→ **TASK TO CARRY OUT**:
Quote all lines below exactly. Images stay out.

*** Begin section ***

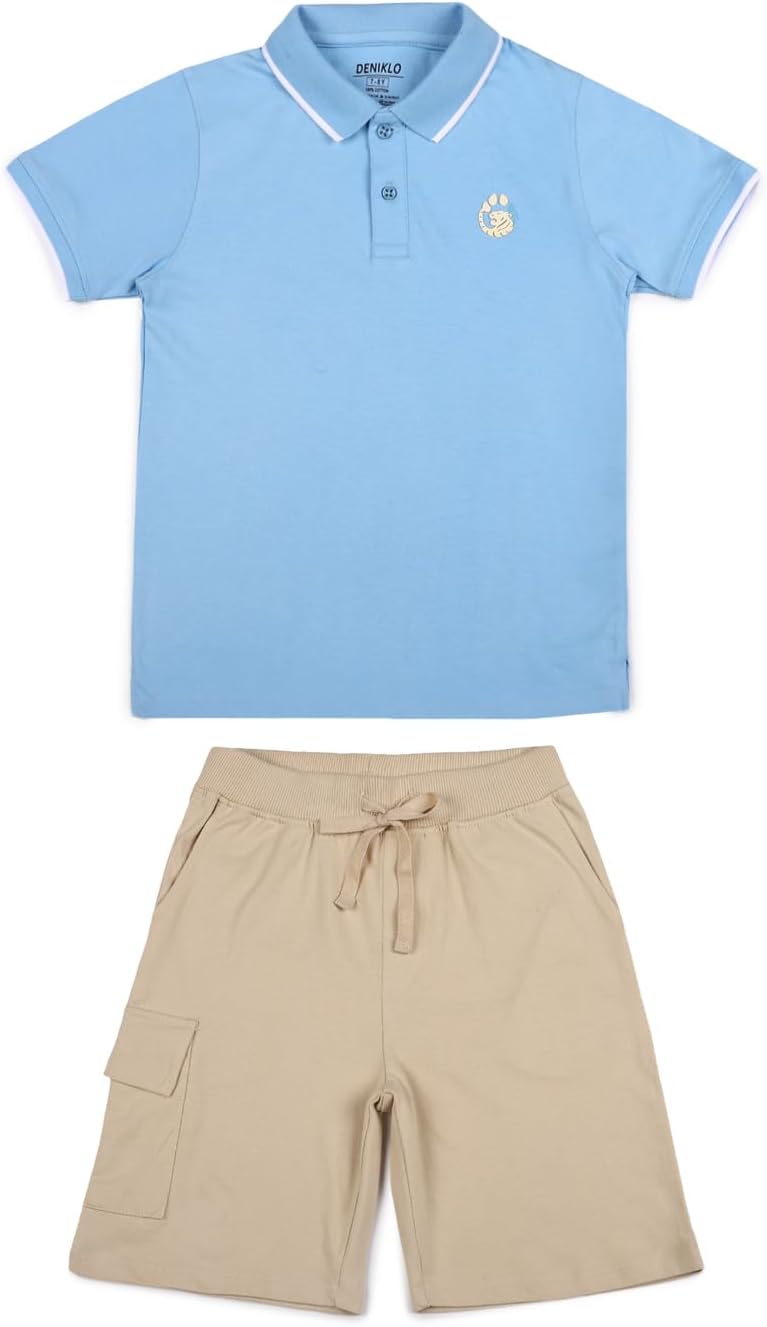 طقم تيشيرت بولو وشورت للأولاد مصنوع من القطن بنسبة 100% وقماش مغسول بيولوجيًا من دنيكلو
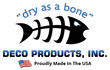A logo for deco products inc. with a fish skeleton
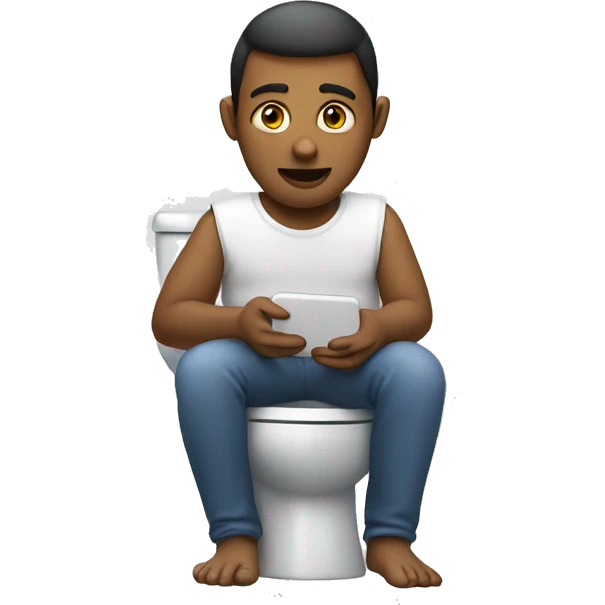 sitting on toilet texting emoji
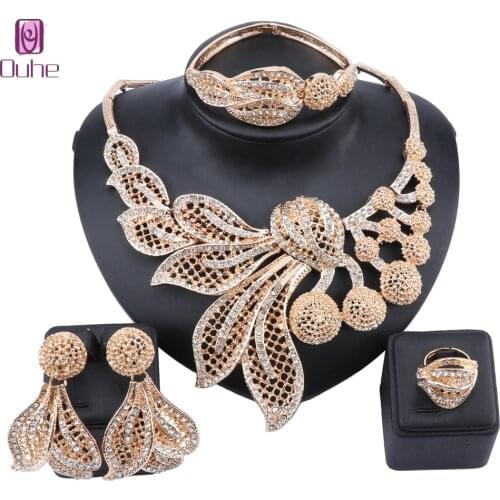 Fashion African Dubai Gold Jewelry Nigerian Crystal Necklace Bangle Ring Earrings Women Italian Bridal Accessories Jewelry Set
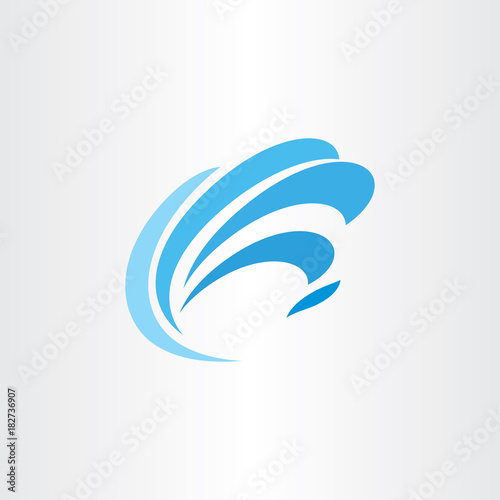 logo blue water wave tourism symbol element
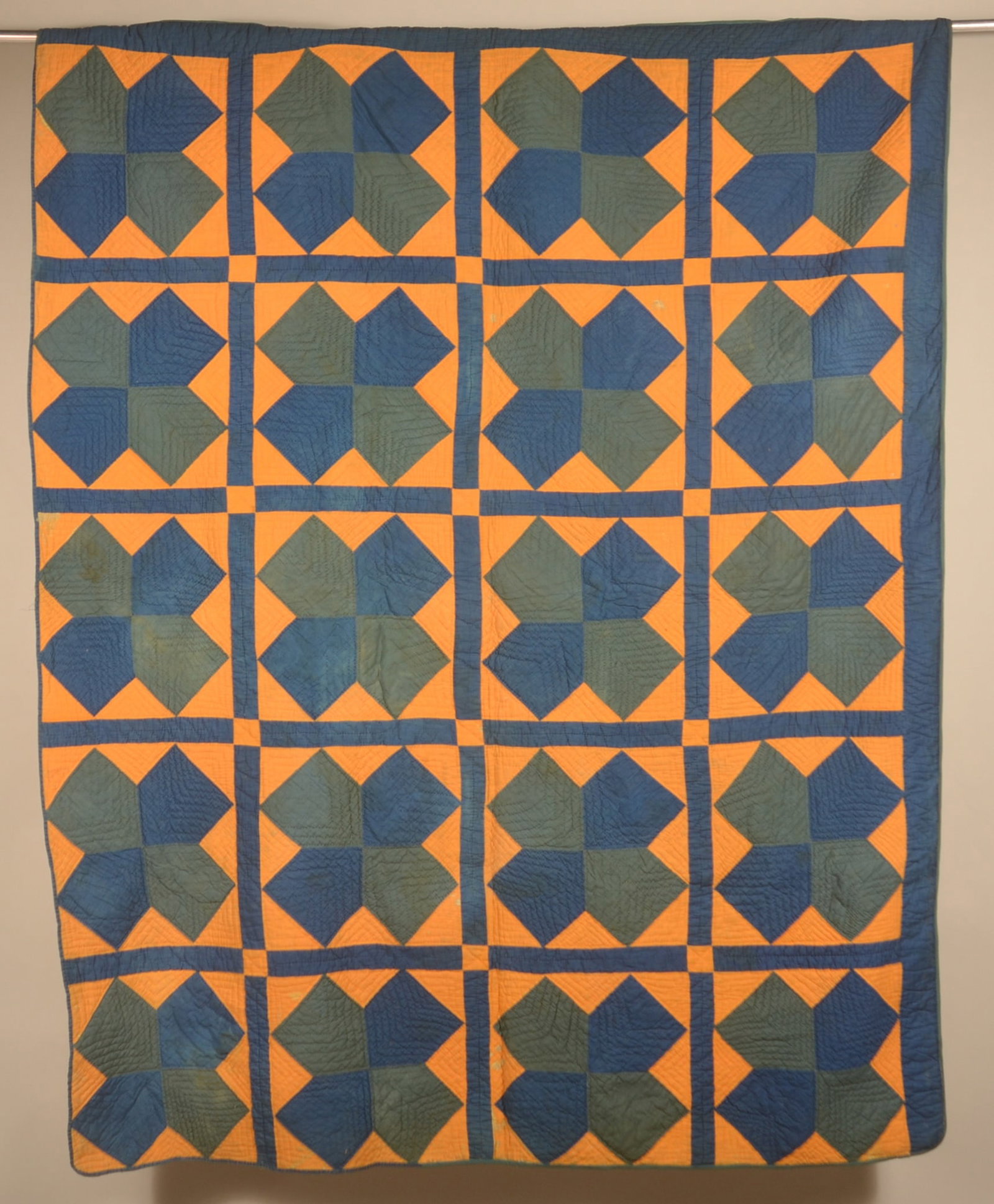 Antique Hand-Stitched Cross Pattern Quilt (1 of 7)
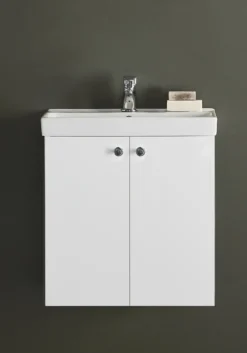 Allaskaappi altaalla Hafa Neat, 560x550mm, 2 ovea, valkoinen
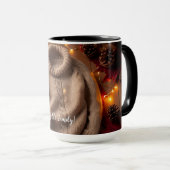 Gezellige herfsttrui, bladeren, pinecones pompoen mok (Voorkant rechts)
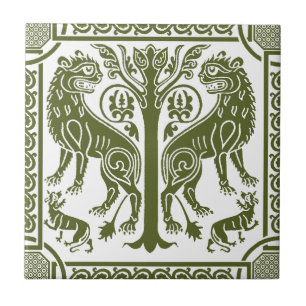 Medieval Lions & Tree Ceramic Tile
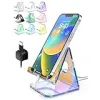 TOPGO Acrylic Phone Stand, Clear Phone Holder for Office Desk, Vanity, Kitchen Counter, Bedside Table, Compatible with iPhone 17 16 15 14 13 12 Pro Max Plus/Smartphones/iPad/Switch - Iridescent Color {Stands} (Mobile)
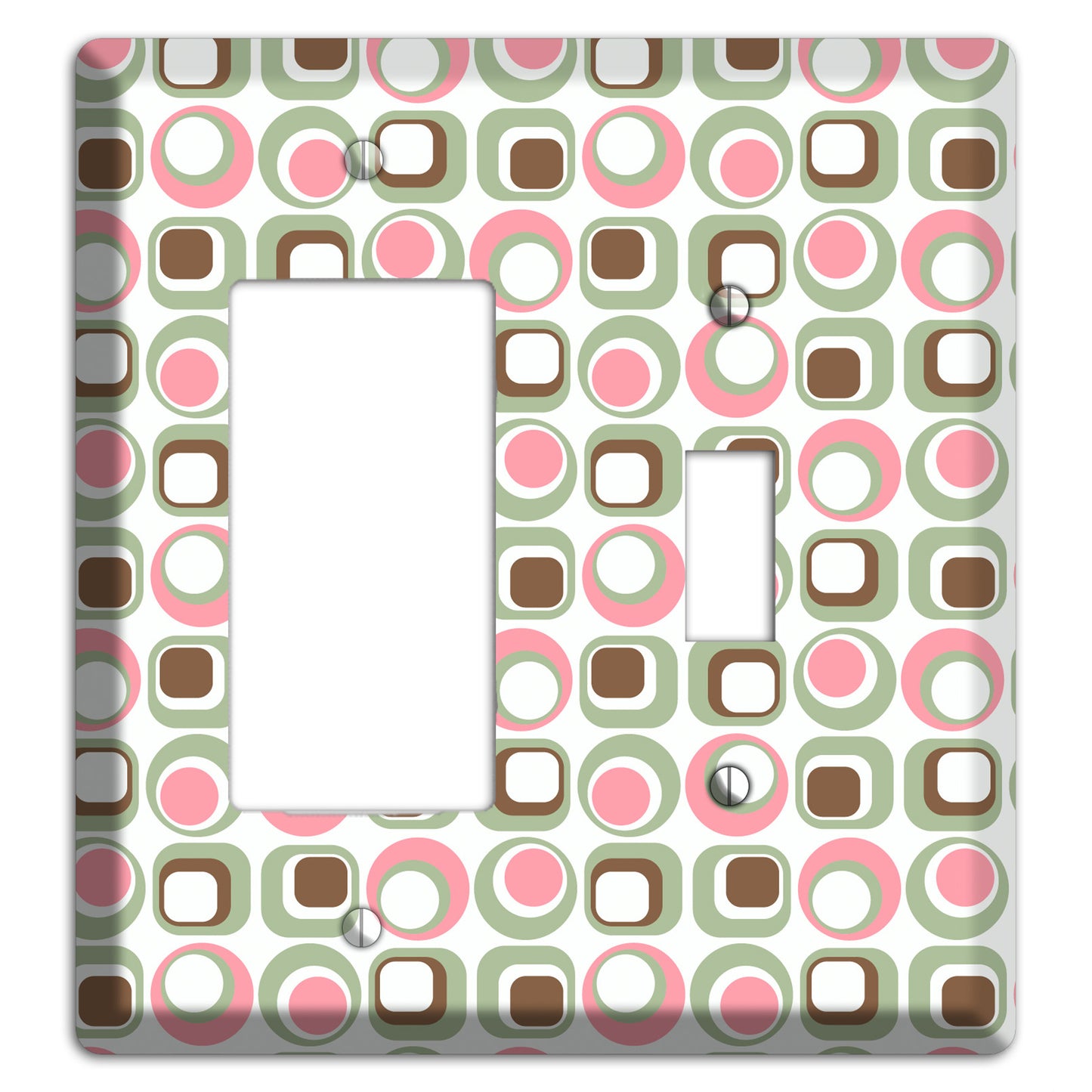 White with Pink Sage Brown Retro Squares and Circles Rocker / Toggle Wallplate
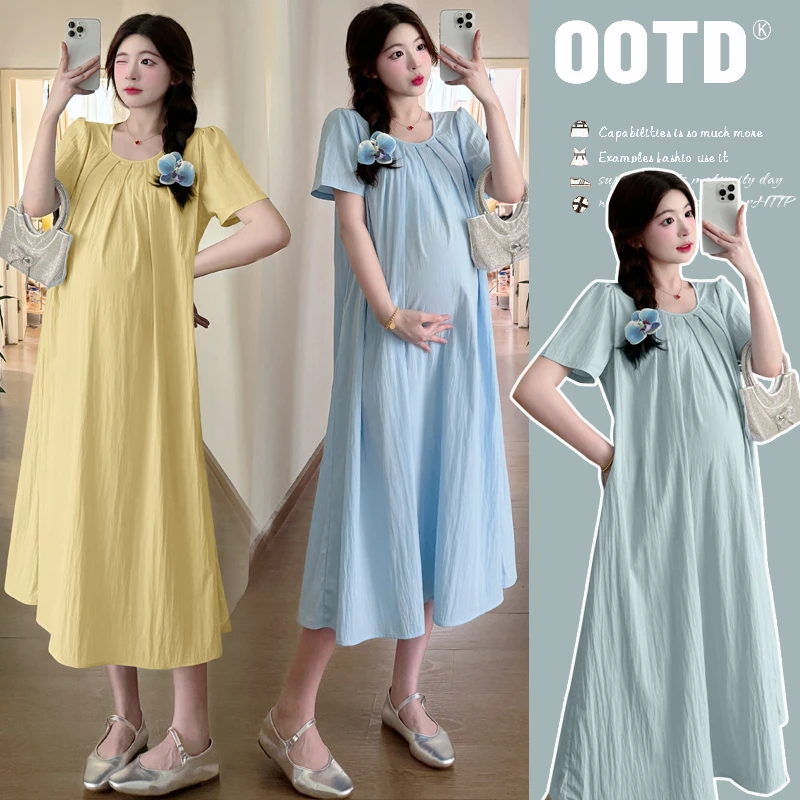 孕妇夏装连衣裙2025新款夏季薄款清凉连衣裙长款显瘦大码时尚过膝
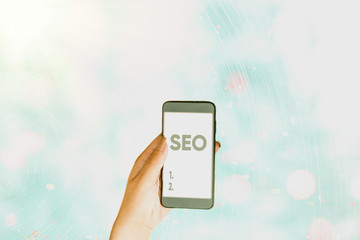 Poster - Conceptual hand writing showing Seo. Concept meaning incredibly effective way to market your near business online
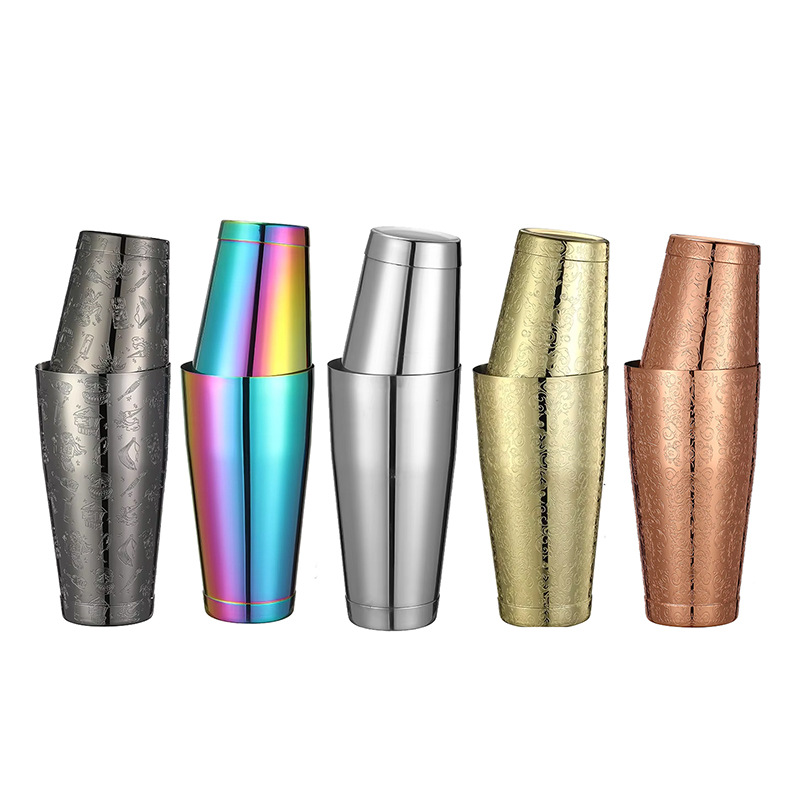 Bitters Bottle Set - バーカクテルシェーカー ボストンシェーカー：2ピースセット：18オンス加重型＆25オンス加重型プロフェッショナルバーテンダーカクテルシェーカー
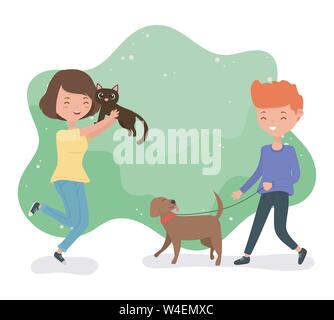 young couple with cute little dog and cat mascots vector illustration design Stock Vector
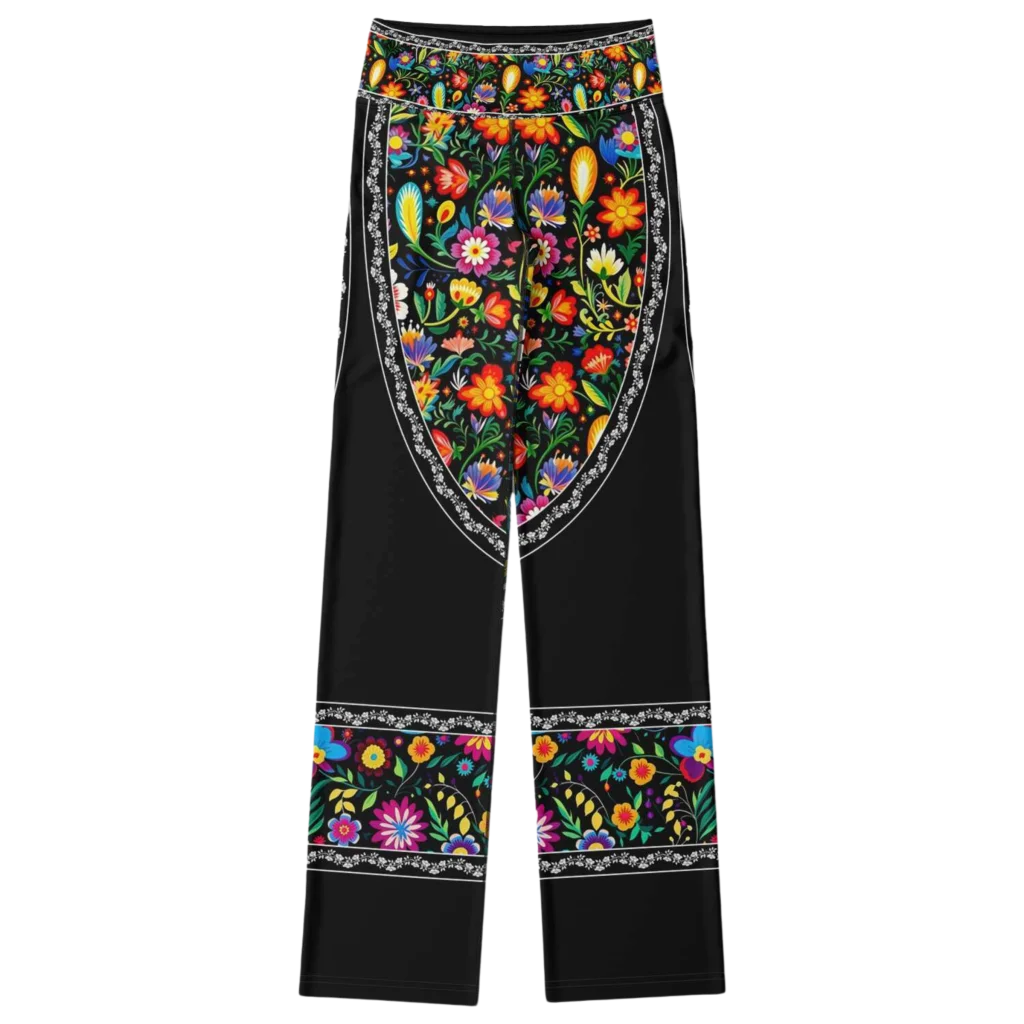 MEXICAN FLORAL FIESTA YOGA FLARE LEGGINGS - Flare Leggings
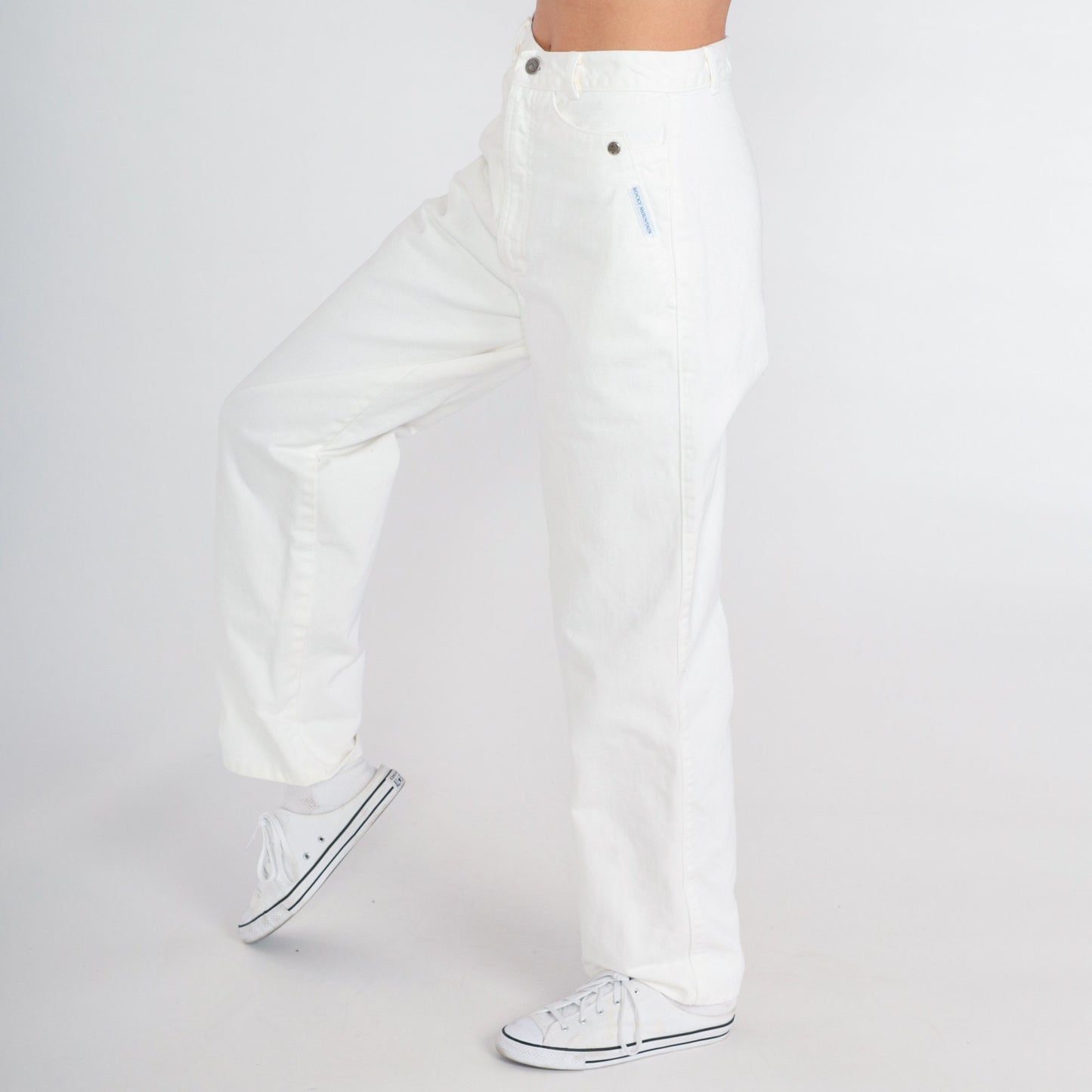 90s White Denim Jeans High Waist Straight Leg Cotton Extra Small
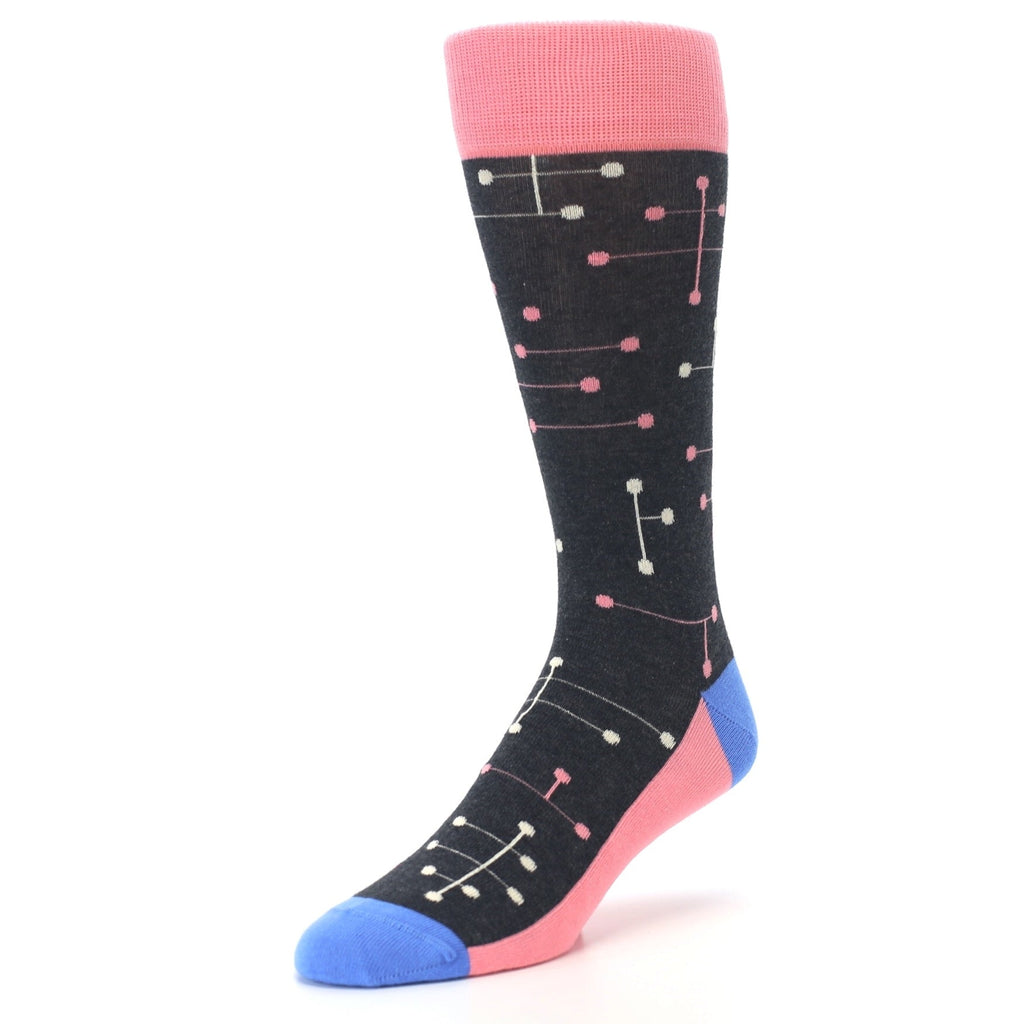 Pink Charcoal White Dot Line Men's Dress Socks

*** End section ***

→ **RESPONSE AREA**:
 طقم تيشيرت بولو وشورت للأولاد مصنوع من القطن بنسبة 100% وقماش مغسول بيولوجيًا من دنيكلو
A logo for deco products inc. with a fish skeleton
 sitting on toilet texting emoji
 Fashion African Dubai Gold Jewelry Nigerian Crystal Necklace Bangle Ring Earrings Women Italian Bridal Accessories Jewelry Set
 logo blue water wave tourism symbol element
 Antique Hand-Stitched Cross Pattern Quilt (1 of 7)
 Allaskaappi altaalla Hafa Neat, 560x550mm, 2 ovea, valkoinen
 Gezellige herfsttrui, bladeren, pinecones pompoen mok (Voorkant rechts)
 Medieval Lions & Tree Ceramic Tile
 TOPGO Acrylic Phone Stand, Clear Phone Holder for Office Desk, Vanity, Kitchen Counter, Bedside Table, Compatible with iPhone 17 16 15 14 13 12 Pro Max Plus/Smartphones/iPad/Switch - Iridescent Color {Stands} (Mobile)
 White with Pink Sage Brown Retro Squares and Circles Rocker / Toggle Wallplate
 孕妇夏装连衣裙2025新款夏季薄款清凉连衣裙长款显瘦大码时尚过膝
 Poster - Conceptual hand writing showing Seo. Concept meaning incredibly effective way to market your near business online
 Bitters Bottle Set - バーカクテルシェーカー ボストンシェーカー：2ピースセット：18オンス加重型＆25オンス加重型プロフェッショナルバーテンダーカクテルシェーカー
 young couple with cute little dog and cat mascots vector illustration design Stock Vector
 MEXICAN FLORAL FIESTA YOGA FLARE LEGGINGS - Flare Leggings
 90s White Denim Jeans High Waist Straight Leg Cotton Extra Small
 Pink Charcoal White Dot Line Men's Dress Socks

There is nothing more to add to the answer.